N-Po (Korea): analoger Begriff für Menschen in Südkorea, die aufgegeben haben
Japan: hat zwar kein mir bekanntes vergleichbares "Schlagwort", aber die Stimmung ist ähnlich (vgl https://www.theguardian.com/world/article/2024/jul/19/japan-asks-young-people-views-marriage-population-crisis )

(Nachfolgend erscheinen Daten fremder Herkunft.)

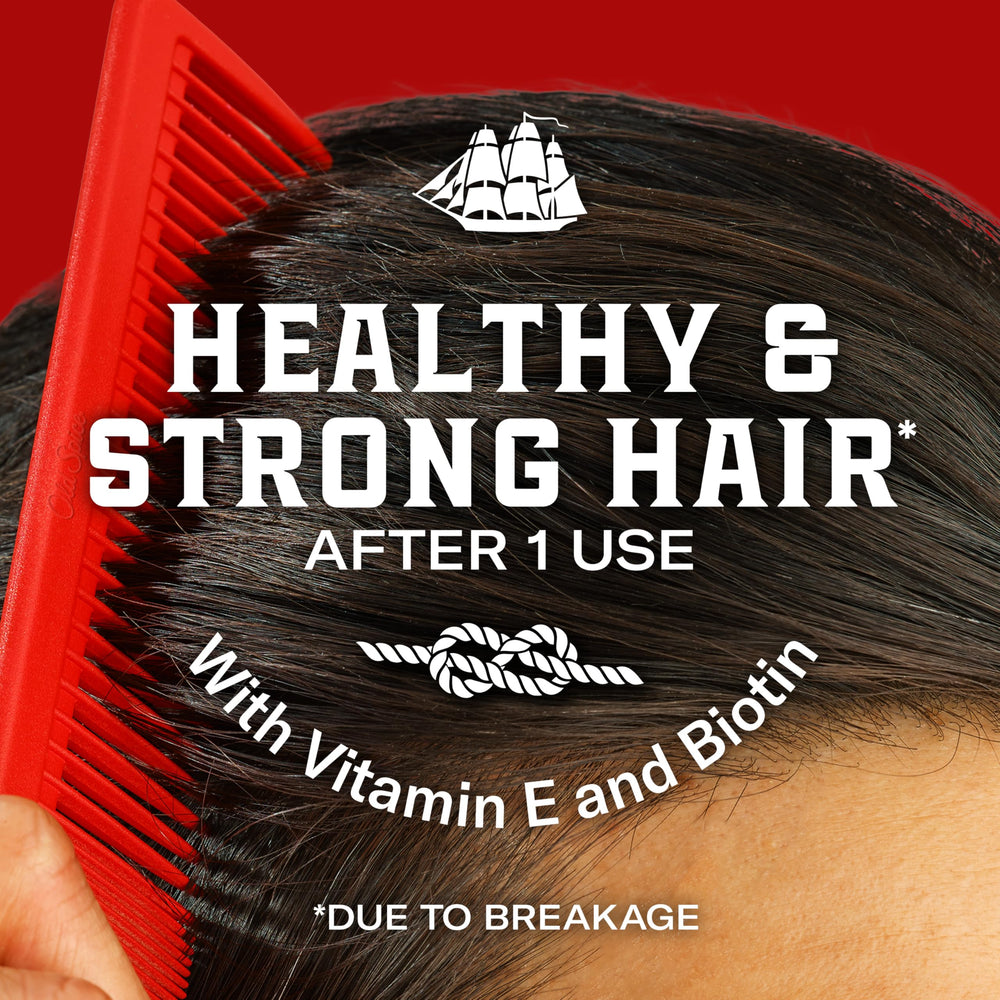 Old Spice being worked through damp hair for even distribution and natural styling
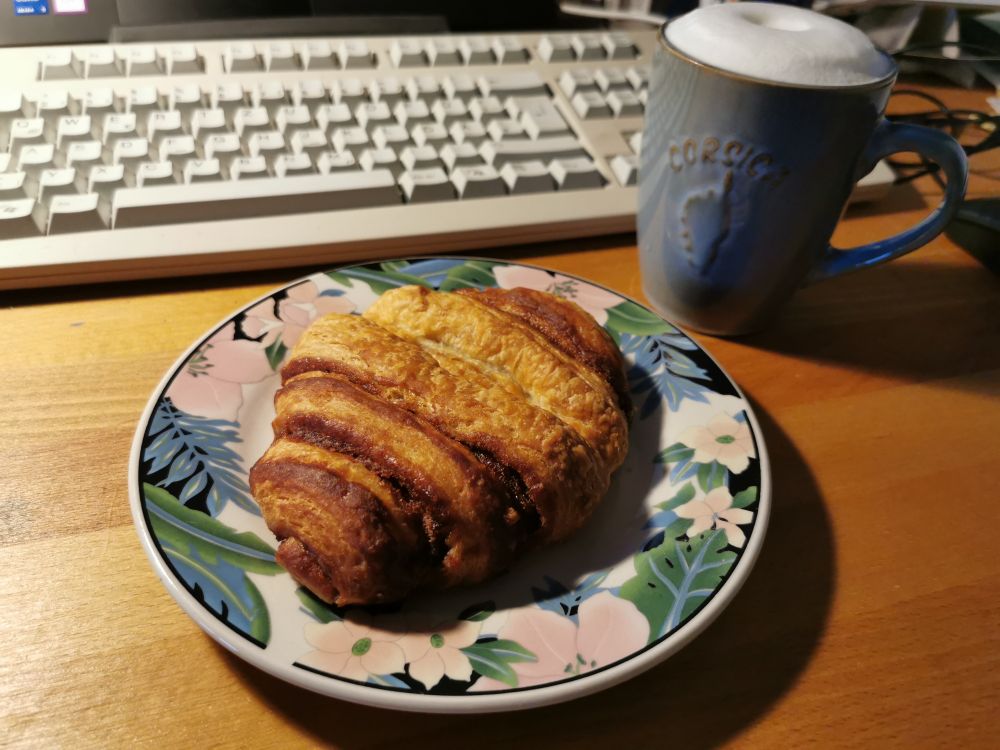 Auf einem Holztisch steht eine gefüllte hellblaue Korsikatasse mit Milchschaum und ein Teller mit einem Franzbrötchen.  Im Hintergrund eine hellgraue Computertastatur 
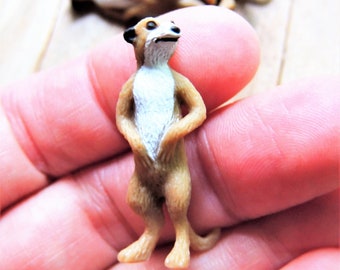 May include: A small, brown and white plastic figurine of a meerkat standing upright with its arms crossed. The figurine is about 2 inches tall.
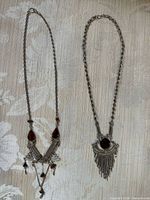 Both necklaces laid flat showing overall design and length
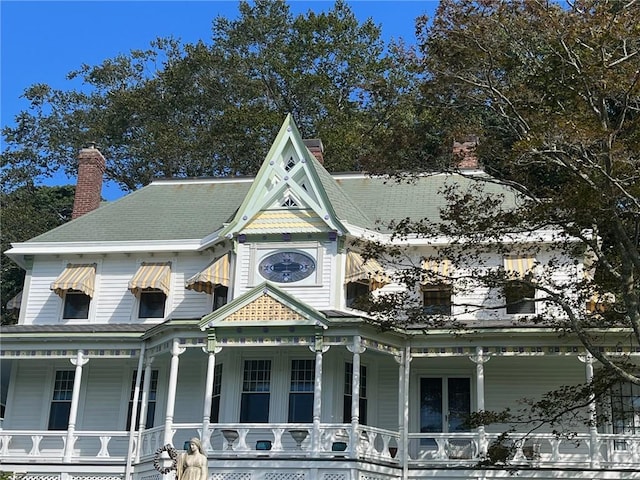 view of front of property with covered porch and a chimney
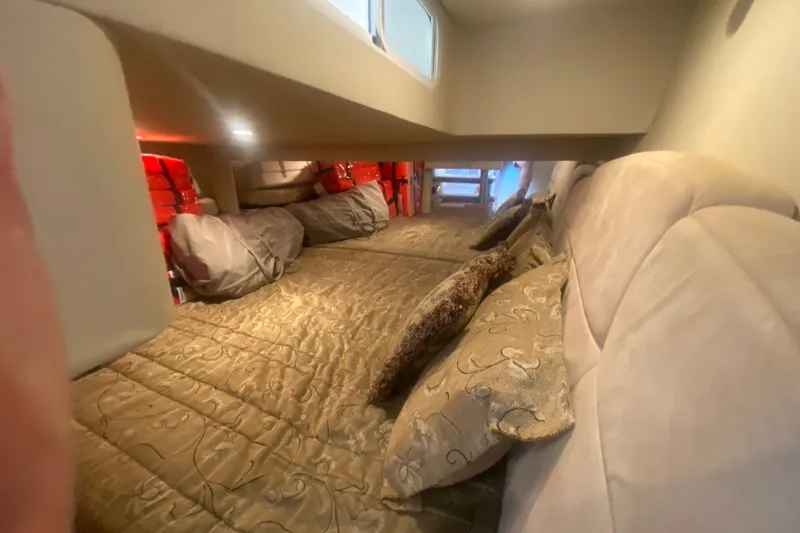 Slide: The Image of Luxurious cabin interior of 2001 Formula 370 Super Sport with plush bedding and cushions. - 38
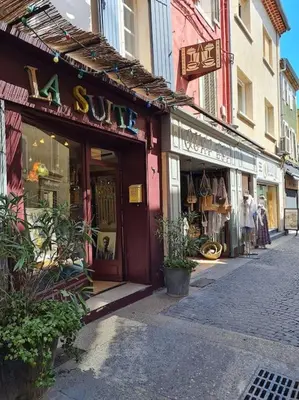 a store on a street in a city with shops at Appartement avec terrasse sur les toits classé 5* in LʼIsle-sur-la-Sorgue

Ich interessiere mich persönlich schon länger für die Geschichte, Wirtschaft, Sozioökonomie, in China, Korea und Japan. Und in allen drei Ländern finden sich fortschreitende Tendenzen dazu, dass die Junge Generation aufgibt. Besserung ist nicht in Sicht, eher im Gegenteil, es schreitet exponentiell fort. Das Bemerkenswerte: wenn man sich Interviews ansieht oder durchliest spürt man in vielen Fällen keine Depression, keine negative Energie, sondern eine faszinierende tiefe Gelassenheit und Ruhe. Klar, kann "fake" sein, glaube ich aber nicht (Ausnahmen mags geben).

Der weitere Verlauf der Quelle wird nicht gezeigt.